Soviet Union, Russia
- Name: K-442 Chelyabinsk
- Namesake: Named after the Russian city Chelyabinsk
- Yard number: 638
- Laid down: 21 May 1987
- Launched: 18 June 1990
- Completed: 28 December 1990
- Commissioned: 28 December 1990
- Homeport: Rybachiy Nuclear Submarine Base
- Status: In modernization

General characteristics
- Class & type: Oscar II class Submarine
- Displacement: 13.400 t, 16.400 t
- Length: 154 m (505 ft 3 in)
- Beam: 18.2 m (59 ft 9 in)
- Draft: 9 m (29 ft 6 in)
- Propulsion: 2 nuclear reactors OK-650b (HEU <= 45%), 2 steam turbines, 2/7-bladed props
- Speed: 32 knots (59 km/h; 37 mph) submerged, 16 knots (30 km/h; 18 mph) surfaced
- Test depth: 300 to 1,000 m (980 to 3,280 ft) (by various estimates)
- Complement: 44 officers, 68 enlisted
- Armament: 24 × SS-N-19/P-700 Granit; 4 × 533 mm and 2 x 650 mm bow torpedo tubes;

= Russian submarine Chelyabinsk =

The K-442 Chelyabinsk is an Oscar II Class (Project 949A) SSGN of the Russian Navy.

== History ==
K-442 was laid on May 21, 1987 at Severodvinsk before being listed by the Soviet Navy on February 20, 1989. In June 1990, it was launched before being commissioned on December 28, 1990. On August 18, 1991, K-442 along with another Oscar II Class SSGN, K-173, left Zapadnaya Litsa Bay to sail underneath the North Pole to transition from the Northern Fleet to the Pacific Fleet.
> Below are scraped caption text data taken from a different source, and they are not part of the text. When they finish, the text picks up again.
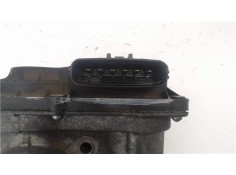 Recambio de caja mariposa aire para toyota avensis berlina (t22) 2.0 vvt-i referencia OEM IAM 2203028050  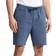 Superdry Sunscorched Chino Shorts - Brunswick Stripe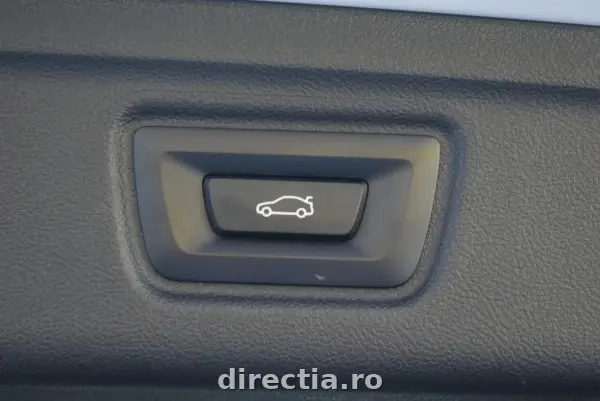 Poza anunț 25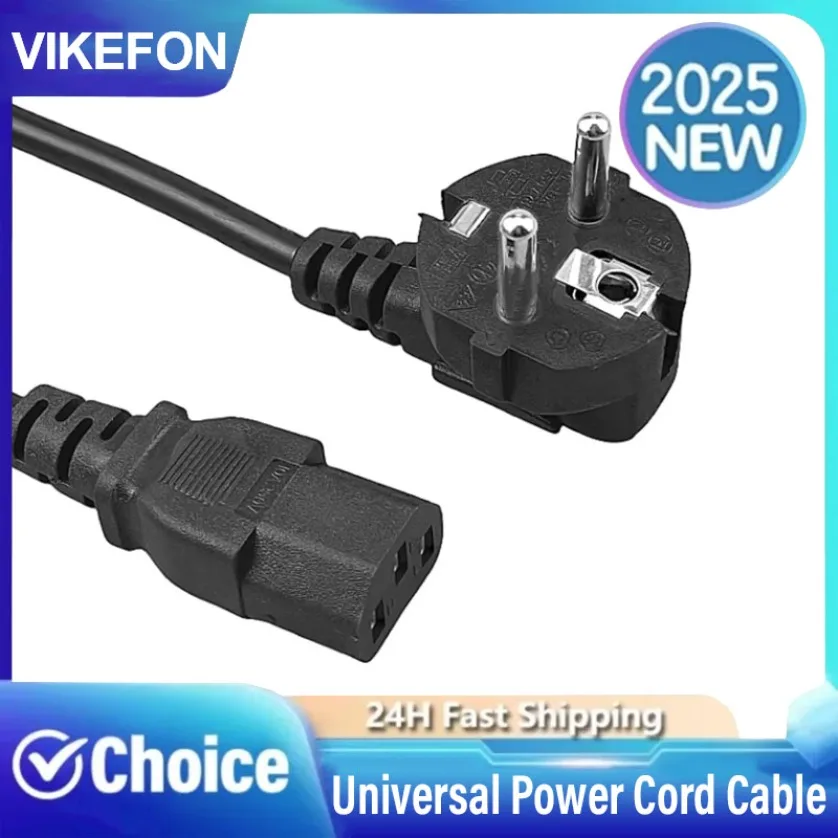 Awg 60C 250V Univer… - image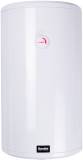 Подробнее о Bandini Water Heaters SE 100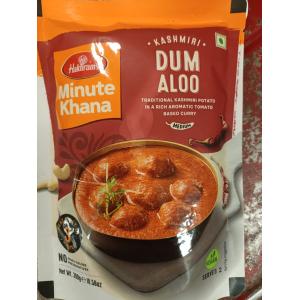 Create Ecommerce store In Simple 4 Steps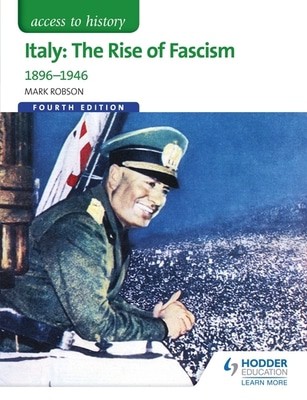 9781471838194.jpg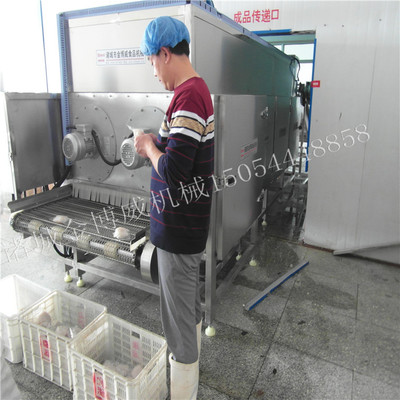 千葉豆腐設備廠家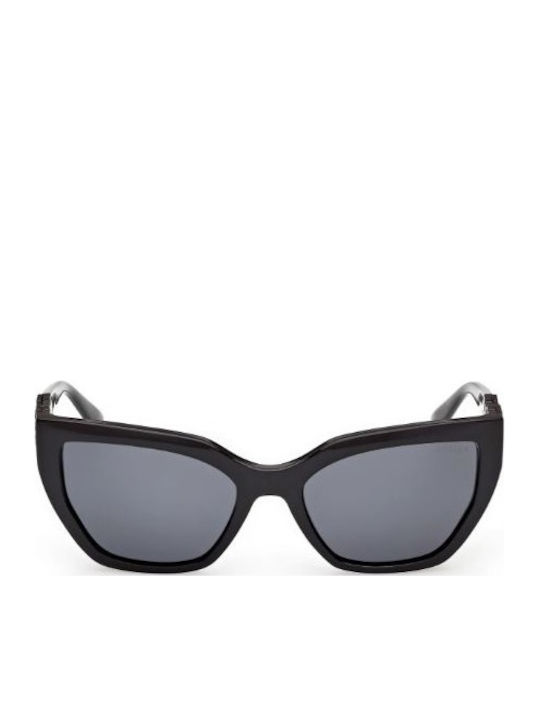 Guess GU00264 Guess GU00264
They arrived on September 12, 1991 at Krasheninnikov Bay in Vilyuchinsk and officially was assigned to the Pacific Fleet on September 24.

K-442 did not receive the name 'Chelyabinsk' until April 13, 1993. During 1994, the K-442 took part in an operational tour in the Pacific. This included it tracking the USS Kitty Hawk (CV-63) Battlegroup. During the tracking of the Kitty Hawk CVBG, the US conducted ASW operations against it between July 7–8, 1994. The voyage also including tracking the USS Independence (CV-62), which was based in Yokosuka, Japan.

In May 1999, the K-442 was laid up due to wear and tear before returning to service around 2002. In 2008, The sub was laid up again awaiting repair.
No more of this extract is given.